A common feature of the three criteria we obtain is to restrict comparisons between two decisions to states in which they lead to different outcomes. The first one is the protective criterion of Barberà and Jackson (1988). It consists of applying the maximin criterion under the above mentioned restriction. The second one, which we call the hazardous criterion, corresponds to the opposite attitude and resorts to the maximax criterion. The third one is the intersection of the two previous ones, as it only declares a decision strictly better than another one when both the protective and the hazardous criteria coincide with that recommendation.

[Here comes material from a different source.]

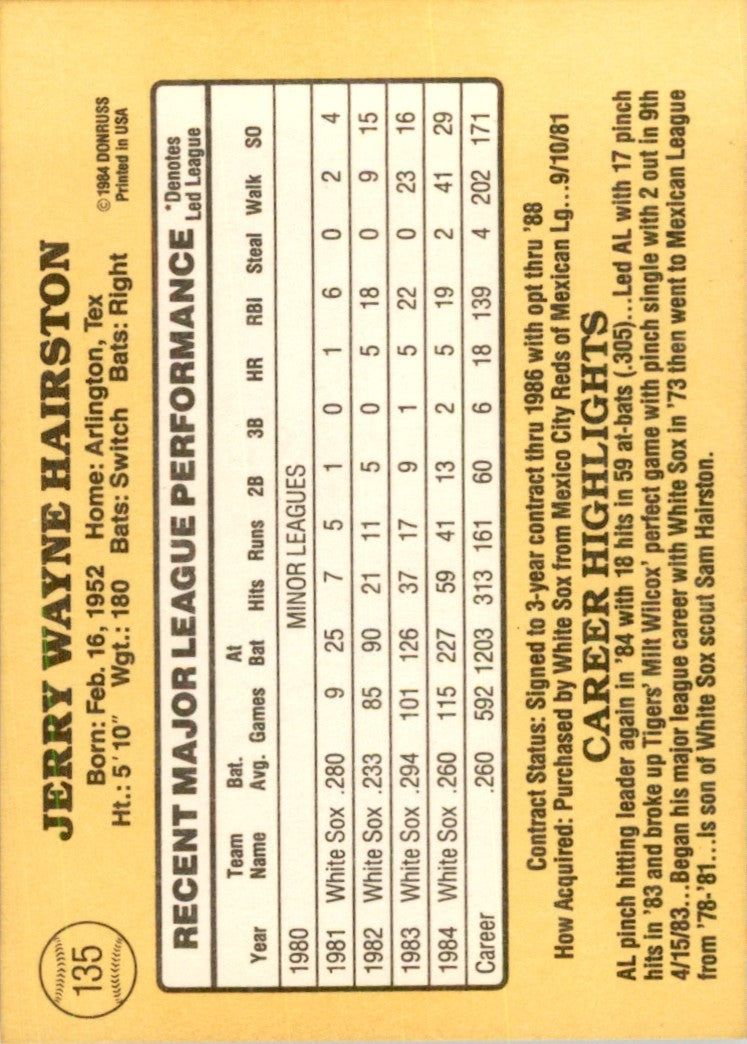 1985 Donruss Jerry Hairston 101 Baseball Cards #135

The lesson to be drawn from our main result is that three and only three attitudes towards ignorance are rational, when rationality is interpreted as the combination of all the most demanding properties of the literature under the requirement that the strict preference relation be transitive. Unsurprisingly, two of these attitudes are extreme pessimism and extreme optimism. The new possibility, therefore, comes from the third criterion, which has never been studied before. We argue, however, that this criterion cannot be viewed as a compromise between the two extreme attitudes towards ignorance, as, instead of solving conflicting recommendations between them, it remains indecisive as soon as pessimism and optimism conflict with each other.

Another lesson is therefore that weakening the transitivity requirement is not the road to take if one wishes to avoid the dilemma between pessimism and optimism. A similar lesson is drawn by Barrett and Pattanaik (1994), using a different set of axioms, in the alternative framework where decisions are described in terms of sets of outcomes without reference to states of nature.

The paper is organized as follows. In Section 2, we introduce the model. In Section 3, we define the rationality and invariance axioms as well as our three decision criteria, and we prove our main result. In Section 4, we introduce three axioms of attitude towards ignorance and we show how to state our trichotomy in terms of these axioms. In Section 5, we provide the proofs. In Section 6, we conclude.